Dans son raisonnement, le Tribunal fédéral relève qu’il est vrai que les arrêts de la CourEDH n’ont pas d’effet cassatoire, raison pour laquelle le recourant pourrait craindre que l’arrêt du Tribunal fédéral de 2012 lui soit opposé dans le cadre d’une éventuelle revendication de prestations. Or le Tribunal fédéral note que l’arrêt résumé en lien avec l’arrêt de la CourEDH de 2022 comporte une confirmation claire de son droit à la rente de veuf.

Plus généralement, cet arrêt met une halte à la saga opposant Max Beeler aux autorités suisses, pionnière dans la lutte pour l’égalité entre hommes et femmes.

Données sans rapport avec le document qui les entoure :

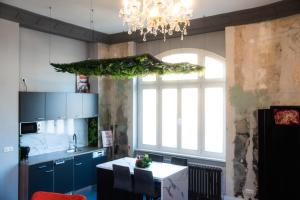 a kitchen with a table and a chandelier at Aue Stay in Kassel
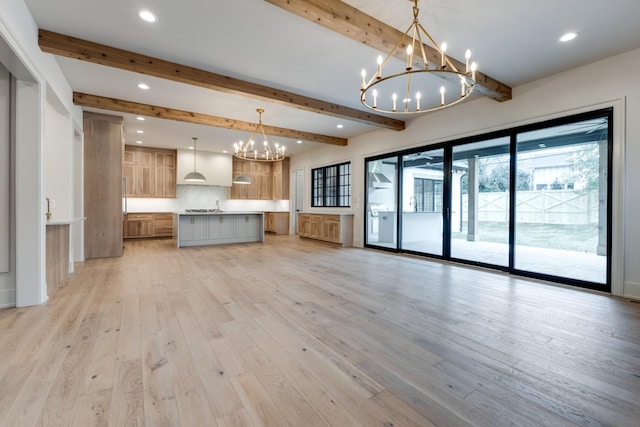 2756 Otterham Dr, Thompsons Station, TN 37179 - unfurnished living room featuring a chandelier, a sink, beamed ceiling, recessed lighting, and light wood finished floors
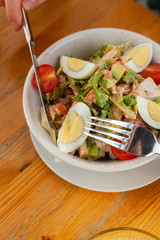 Traditional american cobb salad with chopped avocado, tomatoes, hard boiled egg, roasted chicken and greens for a healthy lunch, served on wooden table with soft light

Suite à l’arrêt de la CourEDH de 2022 (CourEDH [GC], arrêt Beeler c. Suisse du 11.10.22, requête n° 78630/12), un projet de révision partielle de l’assurance-vieillesse et survivants (AVS) a été mis en consultation par le Conseil fédéral dans le but notamment de remédier à l’inégalité de traitement entre veufs et veuves. Dans l’intervalle, un régime transitoire a été mis en place. Selon celui-ci, les veufs bénéficient d’une rente à vie tout comme les veuves (Conseil fédéral, Rentes de veuves et de veufs de l’AVS : ouverture de la procédure de consultation, 8.12.23).

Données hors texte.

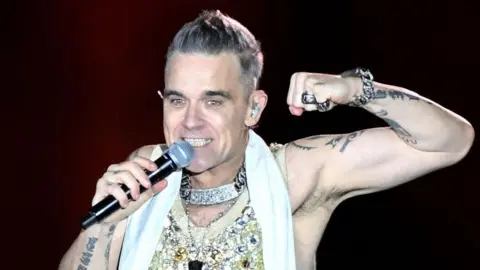 Robbie Williams sings into a microphone on stage. He smiles wearing a sparkly vest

Selon l’avant-projet de révision de la LAVS, ni les veuves ni les veufs n’auront à l’avenir droit à une rente à vie. Il est prévu que les survivants soient soutenus temporairement pendant la phase de transition ou tant qu’ils ont des enfants à charge (art. 23 al. 4 et art. 24 al. 4 AP-LAVS), ainsi que dans certains cas particuliers de vulnérabilité. Fait intéressant, la révision prévoit ceci en dépit de l’affirmation de la CourEDH selon laquelle la constatation d’une inégalité de traitement entre veuves et veufs “ne saurait être interprétée de manière à encourager le Gouvernement suisse à supprimer ou réduire ladite rente en faveur des femmes en vue de la rectification de l’inégalité de traitement” constatée (CourEDH, arrêt B. c. Suisse du 20.10.2020, requête n° 78630/12, § 77). Malgré cette assertion très claire, des mesures réduisant les rentes de veuves – soit en défaveur des femmes – sont envisagées sous le couvert de l’égalité, une fois n’est pas coutume. Dans un paysage politique dont les mesures au nom de l’égalité mènent trop souvent à des résultats mitigés pour les femmes (augmentation de l’âge de la retraite des femmes ; droit à une pension toujours plus restrictif en cas de divorce – impactant majoritairement les femmes – ; initiative populaire pour imposer aux femmes également de s’engager dans un service citoyen) sans pour autant les aider à s’émanciper de leur traditionnel rôle de “primary carer” (solutions de garde coûteuses, peu pratiques et rares ; système reposant de facto sur le travail de care gratuit des femmes, y compris des grands-mères ; pénalisation fiscale des couples mariés n’incitant pas les deux parents à travailler à temps plein ; congé maternité de 14 semaines sur le plan fédéral contre un congé paternité de 2 semaines, faisant de la mère le “parent par défaut” dans les faits), une question se pose : quand est-ce que des changements soutenant une égalité réelle de fait entre hommes et femmes seront-ils mis en place ?

Comme le relève le Conseil fédéral dans son rapport explicatif relatif à l’ouverture de la procédure de consultation de la révision partielle de la LAVS (Berne, 8.12.23), “selon les données statistiques disponibles pour 2022, environ 86 % des hommes ayant des enfants de moins de quinze ans travaillaient à temps plein, contre seulement 22 % des femmes ayant des enfants de la même tranche d’âge”, alors que “les conséquences économiques en cas de veuvage sont différentes entre les hommes et les femmes malgré une augmentation de la participation des femmes sur le marché du travail” (p. 13).

Ce travail a été soutenu par le Pôle de recherche universitaire « Human Reproduction Reloaded » de l’Université de Zurich.